Meanwhile, while you're winning at Cinebench Hero, you're losing out on power consumption, single-threaded performance, < 4-threaded performance (and undoubtedly < 5-threaded as well), Quick Sync, AVX, AVX2; not to mention all the new standards supported by an up to date chipset (USB 3.0, PCI-E 3.0, SATA 6Gbps).

I don't think looking at the price of the cpu matters that much my $400 i7 970 and anything gulftown/westmere with 6 cores and when overclocked will beat the 4770k in that application.

Surely you are missing out on all those things you pointed out aswell.
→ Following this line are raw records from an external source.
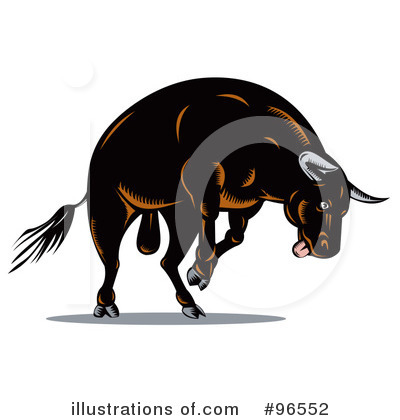 Royalty-Free (RF) Bull Clipart Illustration by patrimonio - Stock Sample #96552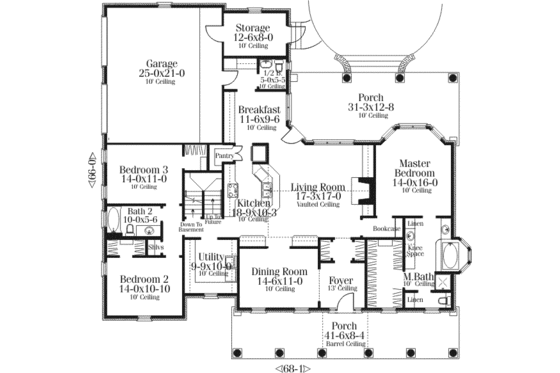 Floor Plan - Main Floor for Southern House Plan #406-102 - 3 bed, 2.5 bath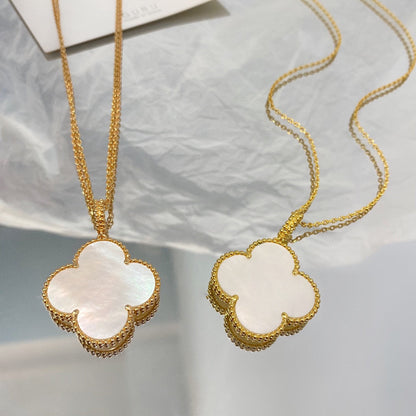 ¡®Aura Jewels¡¯CLOVER 25MM MOP LARGE PENDANT NECKLACE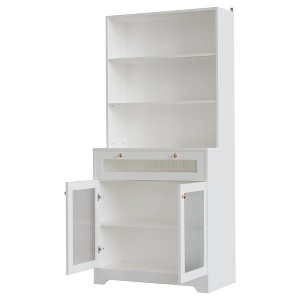 Kitchen Pantry Cabinet, 62 Inch Freestanding Hutch Cupboard with Large Countertop - 1 of 4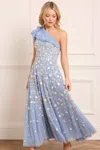Needle & Thread Lea Ditsy One-shoulder Ankle Gown In Blue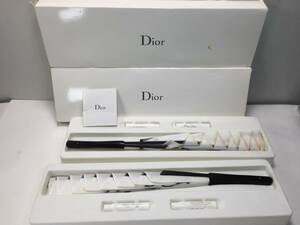 【飛脚便80】Christian Dior ディオール ノベルティ エヴァンタイユ ファン 扇子 扇 キャンバス ウッド ホワイト 2個セット まとめ[]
However in my daily use and with the apps I use it has not been a great loss hence the reason i'm still on the platform.

PCI-E 3.0 doesn't mean much in single GPU configurations.
You can raid 0 on x58 to give you the speed of a single Sata 6 SSD.
USB 3.0... I still use ESATA!
Power consumption is not a huge deal on a full powered desktop pc the machine will sleep when not in use.
The extra cores and encoding on gpu more than makes up for not having Quick Sync.
And list of application that support AVX,AVX2 still isn't huge.

I should also point out the obvious if your building a new system now you would be foolish not to build with haswell.

For some of us holds out still on westmere,gulftown skipping SB,IVY,Haswell and going straight to Haswell E just makes more sense as a whole platform refresh.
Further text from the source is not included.